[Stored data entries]
################

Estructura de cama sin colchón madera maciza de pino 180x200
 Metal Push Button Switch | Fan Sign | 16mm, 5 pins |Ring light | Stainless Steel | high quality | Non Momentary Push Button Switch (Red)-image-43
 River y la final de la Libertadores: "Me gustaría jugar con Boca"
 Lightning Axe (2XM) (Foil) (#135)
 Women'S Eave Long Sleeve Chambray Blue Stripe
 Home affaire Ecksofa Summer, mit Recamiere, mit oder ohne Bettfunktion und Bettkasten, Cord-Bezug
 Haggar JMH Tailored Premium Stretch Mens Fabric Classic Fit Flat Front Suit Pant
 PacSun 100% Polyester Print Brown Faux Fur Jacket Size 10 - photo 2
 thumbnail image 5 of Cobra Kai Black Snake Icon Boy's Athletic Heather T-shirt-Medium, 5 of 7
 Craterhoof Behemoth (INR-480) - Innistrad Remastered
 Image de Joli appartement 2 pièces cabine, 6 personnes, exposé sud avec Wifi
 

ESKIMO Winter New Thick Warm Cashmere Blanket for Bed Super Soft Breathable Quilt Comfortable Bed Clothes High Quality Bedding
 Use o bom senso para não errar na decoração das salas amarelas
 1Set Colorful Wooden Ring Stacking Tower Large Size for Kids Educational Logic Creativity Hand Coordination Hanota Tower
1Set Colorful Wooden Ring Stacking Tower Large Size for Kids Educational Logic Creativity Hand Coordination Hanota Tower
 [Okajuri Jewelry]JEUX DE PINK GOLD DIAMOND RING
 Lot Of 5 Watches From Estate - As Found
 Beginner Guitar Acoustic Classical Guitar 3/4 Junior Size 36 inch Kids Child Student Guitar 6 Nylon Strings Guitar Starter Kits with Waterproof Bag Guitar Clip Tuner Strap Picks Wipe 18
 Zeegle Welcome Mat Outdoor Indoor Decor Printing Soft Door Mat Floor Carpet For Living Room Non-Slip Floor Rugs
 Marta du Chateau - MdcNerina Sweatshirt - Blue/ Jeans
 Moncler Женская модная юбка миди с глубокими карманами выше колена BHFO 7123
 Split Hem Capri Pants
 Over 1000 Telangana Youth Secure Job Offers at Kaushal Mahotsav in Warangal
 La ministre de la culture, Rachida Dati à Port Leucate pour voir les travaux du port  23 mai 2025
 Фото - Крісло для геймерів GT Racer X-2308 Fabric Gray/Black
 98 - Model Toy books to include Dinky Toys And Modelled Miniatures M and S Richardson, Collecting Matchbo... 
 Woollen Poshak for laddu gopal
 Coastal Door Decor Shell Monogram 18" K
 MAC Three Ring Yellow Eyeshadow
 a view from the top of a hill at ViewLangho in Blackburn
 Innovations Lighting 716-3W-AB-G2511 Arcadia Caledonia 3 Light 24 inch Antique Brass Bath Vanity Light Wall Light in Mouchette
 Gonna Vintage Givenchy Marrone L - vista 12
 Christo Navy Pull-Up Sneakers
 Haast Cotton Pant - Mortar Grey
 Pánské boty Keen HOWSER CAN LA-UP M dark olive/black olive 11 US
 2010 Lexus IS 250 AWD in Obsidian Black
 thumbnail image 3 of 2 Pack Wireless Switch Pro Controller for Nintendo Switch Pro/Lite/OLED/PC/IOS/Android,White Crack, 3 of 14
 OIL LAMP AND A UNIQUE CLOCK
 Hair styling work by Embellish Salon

################

(What you have to do)
Would you please write out all the entries exactly?

(Result of this exercise)
Estructura de cama sin colchón madera maciza de pino 180x200
 Metal Push Button Switch | Fan Sign | 16mm, 5 pins |Ring light | Stainless Steel | high quality | Non Momentary Push Button Switch (Red)-image-43
 River y la final de la Libertadores: "Me gustaría jugar con Boca"
 Lightning Axe (2XM) (Foil) (#135)
 Women'S Eave Long Sleeve Chambray Blue Stripe
 Home affaire Ecksofa Summer, mit Recamiere, mit oder ohne Bettfunktion und Bettkasten, Cord-Bezug
 Haggar JMH Tailored Premium Stretch Mens Fabric Classic Fit Flat Front Suit Pant
 PacSun 100% Polyester Print Brown Faux Fur Jacket Size 10 - photo 2
 thumbnail image 5 of Cobra Kai Black Snake Icon Boy's Athletic Heather T-shirt-Medium, 5 of 7
 Craterhoof Behemoth (INR-480) - Innistrad Remastered
 Image de Joli appartement 2 pièces cabine, 6 personnes, exposé sud avec Wifi
 

ESKIMO Winter New Thick Warm Cashmere Blanket for Bed Super Soft Breathable Quilt Comfortable Bed Clothes High Quality Bedding
 Use o bom senso para não errar na decoração das salas amarelas
 1Set Colorful Wooden Ring Stacking Tower Large Size for Kids Educational Logic Creativity Hand Coordination Hanota Tower
1Set Colorful Wooden Ring Stacking Tower Large Size for Kids Educational Logic Creativity Hand Coordination Hanota Tower
 [Okajuri Jewelry]JEUX DE PINK GOLD DIAMOND RING
 Lot Of 5 Watches From Estate - As Found
 Beginner Guitar Acoustic Classical Guitar 3/4 Junior Size 36 inch Kids Child Student Guitar 6 Nylon Strings Guitar Starter Kits with Waterproof Bag Guitar Clip Tuner Strap Picks Wipe 18
 Zeegle Welcome Mat Outdoor Indoor Decor Printing Soft Door Mat Floor Carpet For Living Room Non-Slip Floor Rugs
 Marta du Chateau - MdcNerina Sweatshirt - Blue/ Jeans
 Moncler Женская модная юбка миди с глубокими карманами выше колена BHFO 7123
 Split Hem Capri Pants
 Over 1000 Telangana Youth Secure Job Offers at Kaushal Mahotsav in Warangal
 La ministre de la culture, Rachida Dati à Port Leucate pour voir les travaux du port  23 mai 2025
 Фото - Крісло для геймерів GT Racer X-2308 Fabric Gray/Black
 98 - Model Toy books to include Dinky Toys And Modelled Miniatures M and S Richardson, Collecting Matchbo... 
 Woollen Poshak for laddu gopal
 Coastal Door Decor Shell Monogram 18" K
 MAC Three Ring Yellow Eyeshadow
 a view from the top of a hill at ViewLangho in Blackburn
 Innovations Lighting 716-3W-AB-G2511 Arcadia Caledonia 3 Light 24 inch Antique Brass Bath Vanity Light Wall Light in Mouchette
 Gonna Vintage Givenchy Marrone L - vista 12
 Christo Navy Pull-Up Sneakers
 Haast Cotton Pant - Mortar Grey
 Pánské boty Keen HOWSER CAN LA-UP M dark olive/black olive 11 US
 2010 Lexus IS 250 AWD in Obsidian Black
 thumbnail image 3 of 2 Pack Wireless Switch Pro Controller for Nintendo Switch Pro/Lite/OLED/PC/IOS/Android,White Crack, 3 of 14
 OIL LAMP AND A UNIQUE CLOCK
 Hair styling work by Embellish Salon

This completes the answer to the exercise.